Hershel nodded, finishing off the remainder of his drink. His father had been right; it had indeed lessened the pain in his hand.
“Well, son, it seems to me-”
“What was that?”
“Hershel. That’s my name. Let’s stay away from familial terms, okay? You’re Owen, I’m Hershel, Roy is Roy.”
“Fine,” Owen Daniels said after a brief pause. “I guess I deserve that. Anyway, Hershel, it seems to me you’ve got a pretty big problem. Curling just under a ton would get you through a lot of fights and manual labor jobs, but I’m afraid it won’t cut it if you want to be a Hero.”
“I know that.”
“No, you only suspected it. If you knew it then you would have drawn up a resignation in case I said I couldn’t help. Deep down you’re hoping that with enough skill maybe this wall won’t matter, that there will be another method that will keep Roy as a viable candidate. I’m crushing that delusion right now. Other Supers can get by without massive strength, but they have different talents to compensate. Not ones like us. We hit the living shit out of things, and if we can’t hit hard enough to knock them down then all we are is a liability to our teams. Do you understand?”

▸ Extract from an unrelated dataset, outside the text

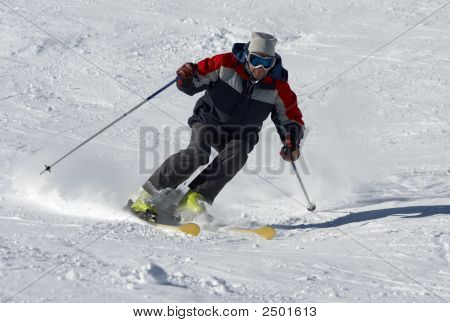 Sciatore sul pendio di neve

“Good.” Owen rose from the table and walked over to the bar with more grace than a man his size had any right to possess. He grabbed a full bottle and dumped a few pours of alcohol into a glass tumbler, then tossed in a trio of ice cubes. He came back and sat down, setting the brown drink carefully in front of him. He took a gentle sip to assess, and from the pleasure on his face, the alcohol seemed to meet his requirements.
“Good,” Owen repeated. “Because I didn’t just say all that to bum you out. I don’t want you thinking that all hope is lost, but I do feel that it’s important you keep your expectations realistic. That said, I can help you past this issue, and teach you how to deal with others of its kind that will eventually surface.”
“How? How can I do it?”
Owen held up a finger. “Not so fast. This isn’t going to be easy, and it isn’t going to be quick. I’m willing to help, but I want you to seriously commit to undertaking this training. I’ll take shit as your father, not as your teacher.”
“I’m sure Roy will-”
“We’ll deal with Roy later. I’m talking to Hershel right now. Roy isn’t some abstract entity, he’s a part of you. So if I’m going to do this, I want to hear you tell me you’ll do whatever it takes.”
Hershel slowly moved his head up and down. “If it will help Roy, I’ll do whatever I can.”
“Good.” Owen slid the glass of dark liquor across the table. Even from a distance, Hershel immediately recognized the familiar odor that wafted up from its depths. “Now drink that.”
“I can’t. That will turn me into Roy.”
“That’s the point,” Owen said, looking unflinchingly at his son.
“That’s not a good idea,” Hershel explained. “If I turn now, Roy will just storm out of here. We need to lay out a plan and outline how to help him before there’s a shot at him playing along.”
“No. You came to me, not vice versa. So I’m not proving myself to you. I know how to fix your problem. You obviously believe that, or you wouldn’t be here. Roy needs to believe that, too. This isn’t a case of fixing the issue and making him believe, it’s a case of him needing to believe in order to fix the issue.”
“I’m not sure he’ll listen,” Hershel said, his uncertainty written across his face.
“I promise, I won’t let Roy leave here. If nothing else, I’ll subdue him until you turn back,” Owen said.
Hershel had zero doubt that he could do it, too. There were many things that had been called into question regarding his father over the year, but the man’s awe-inspiring strength was not one of them. Still, the prospect of shifting right now seemed unwise. In the end, it didn’t feel like he really had a choice. He’d come here to find a solution, and now there was one sitting in front of him. The only thing standing in the way of helping Roy was... Roy. Hershel wanted to help, but this was as far as he could take things by himself. The rest was up to his brother.
In a single, practiced motion, Hershel grabbed the glass and emptied its contents down his throat. He set it back on the table and looked at his father one last time before his consciousness was gone.